Sehingga, mengharapkan negara menyelesaikan setumpuk persoalan termasuk pelanggaran HAM sama hal dengan adagium “keluar lobang buaya, masuk ke mulut singa”. Membayangkan negara akan menjadi bermartabat sangat sulit sekali. Karena tidak mungkin, kecuali sistem ini diganti dengan yang lebih manusiawi.
Itu artinya cuman gerakan buruh dan gerakan rakyat yang bisa membangun kekuatan sendiri melawan sistem kejam ini. Bukan menitipkan kepada elit-elit negara, termasuk elit serikat. Marsinah, salah satu buruh perempuan yang sudah menunjukan itu. Tidak ada yang diberikan cuma-cuma oleh negara. Harga untuk kelayakan hidup adalah nyawa.

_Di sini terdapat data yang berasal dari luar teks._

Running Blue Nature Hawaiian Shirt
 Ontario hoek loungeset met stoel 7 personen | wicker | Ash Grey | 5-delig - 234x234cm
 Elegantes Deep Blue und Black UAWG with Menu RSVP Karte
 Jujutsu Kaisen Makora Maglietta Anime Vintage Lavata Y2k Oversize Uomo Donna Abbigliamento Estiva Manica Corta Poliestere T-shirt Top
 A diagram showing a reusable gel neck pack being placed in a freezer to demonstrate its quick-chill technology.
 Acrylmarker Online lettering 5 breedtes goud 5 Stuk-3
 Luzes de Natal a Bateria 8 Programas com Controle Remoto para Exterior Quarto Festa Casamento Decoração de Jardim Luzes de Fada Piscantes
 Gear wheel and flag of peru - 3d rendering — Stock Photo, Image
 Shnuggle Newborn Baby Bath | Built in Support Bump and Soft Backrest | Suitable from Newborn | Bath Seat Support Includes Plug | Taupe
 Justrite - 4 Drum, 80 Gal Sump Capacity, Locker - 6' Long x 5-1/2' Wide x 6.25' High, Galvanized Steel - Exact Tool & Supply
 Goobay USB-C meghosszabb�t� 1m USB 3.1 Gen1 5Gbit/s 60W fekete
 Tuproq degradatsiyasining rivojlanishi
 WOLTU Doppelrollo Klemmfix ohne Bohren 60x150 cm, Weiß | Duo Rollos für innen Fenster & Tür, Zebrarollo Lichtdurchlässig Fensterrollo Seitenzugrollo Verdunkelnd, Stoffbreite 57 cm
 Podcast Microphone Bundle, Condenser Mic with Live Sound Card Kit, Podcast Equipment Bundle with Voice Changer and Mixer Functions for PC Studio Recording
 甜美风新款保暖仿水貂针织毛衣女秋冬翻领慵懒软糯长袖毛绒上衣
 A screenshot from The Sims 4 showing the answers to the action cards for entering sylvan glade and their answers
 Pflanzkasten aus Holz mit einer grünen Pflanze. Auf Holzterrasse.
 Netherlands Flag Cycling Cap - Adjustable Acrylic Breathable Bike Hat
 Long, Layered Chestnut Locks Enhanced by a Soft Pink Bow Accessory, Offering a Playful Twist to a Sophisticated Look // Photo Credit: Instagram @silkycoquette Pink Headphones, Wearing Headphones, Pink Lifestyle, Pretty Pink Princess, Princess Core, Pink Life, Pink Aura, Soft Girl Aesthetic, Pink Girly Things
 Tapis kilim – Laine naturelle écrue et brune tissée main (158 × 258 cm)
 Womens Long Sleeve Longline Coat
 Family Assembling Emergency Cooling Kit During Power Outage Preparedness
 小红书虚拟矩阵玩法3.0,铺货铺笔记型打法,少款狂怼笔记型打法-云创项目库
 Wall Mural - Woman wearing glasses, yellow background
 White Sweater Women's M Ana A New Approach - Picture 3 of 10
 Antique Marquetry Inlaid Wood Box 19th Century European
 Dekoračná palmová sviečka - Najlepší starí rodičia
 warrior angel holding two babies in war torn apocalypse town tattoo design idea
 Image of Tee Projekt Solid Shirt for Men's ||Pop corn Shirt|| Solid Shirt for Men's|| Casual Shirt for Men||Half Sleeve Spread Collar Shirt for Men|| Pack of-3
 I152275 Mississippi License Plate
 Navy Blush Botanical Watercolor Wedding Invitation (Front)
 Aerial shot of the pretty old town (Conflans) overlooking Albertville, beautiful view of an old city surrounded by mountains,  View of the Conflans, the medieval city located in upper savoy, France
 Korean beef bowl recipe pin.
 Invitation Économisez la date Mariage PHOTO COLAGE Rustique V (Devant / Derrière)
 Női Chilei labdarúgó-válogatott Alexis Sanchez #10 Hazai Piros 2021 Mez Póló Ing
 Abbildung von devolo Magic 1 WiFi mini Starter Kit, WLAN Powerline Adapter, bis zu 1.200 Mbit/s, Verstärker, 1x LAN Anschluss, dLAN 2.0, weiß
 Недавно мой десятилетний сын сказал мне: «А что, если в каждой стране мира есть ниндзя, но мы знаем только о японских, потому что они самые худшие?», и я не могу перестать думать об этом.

Cukuplah dia jadi martir bagi pejuangan buruh dan rakyat.
Kita dan kelompok tertindas yang sekarang, yang harus melanjutkan apa yang diperjuangkan Marsinah. Baik itu persoalan normatif buruh dan rakyat, hingga tuntutan yang lebih politis. Jalannya memang tidak mudah. Namun, bila dimulai dari sekarang dengan membangun solidaritas dan menguatkan jejaring perlawanan dari kelas tertindas, akan memungkinkan kita mendirikan sebuah kekuatan politik alternatif.
Syarat kekuatan politik alternatif ini pun harus lebih tegas. Siapapun, yang menjadi bagian dari pelaku pelanggaran HAM, mendukung sisa-sisa sampah Orba, kelompok rekasioner, termasuk pelaku kekerasan seksual, harus disingkirkan. Tidak bisa menjadi bagian perjuangan demokrasi dan kekuatan alternatif. Ini membahayakan. Kenapa? Karena kita sedang mau membangun sebuah kekuatan untuk mendirikan sistem yang lebih manusiawi, lebih demokratis dan tentu membuat semua orang hidup dalam kebahagiaan tanpa ada kekuasaan yang menindas.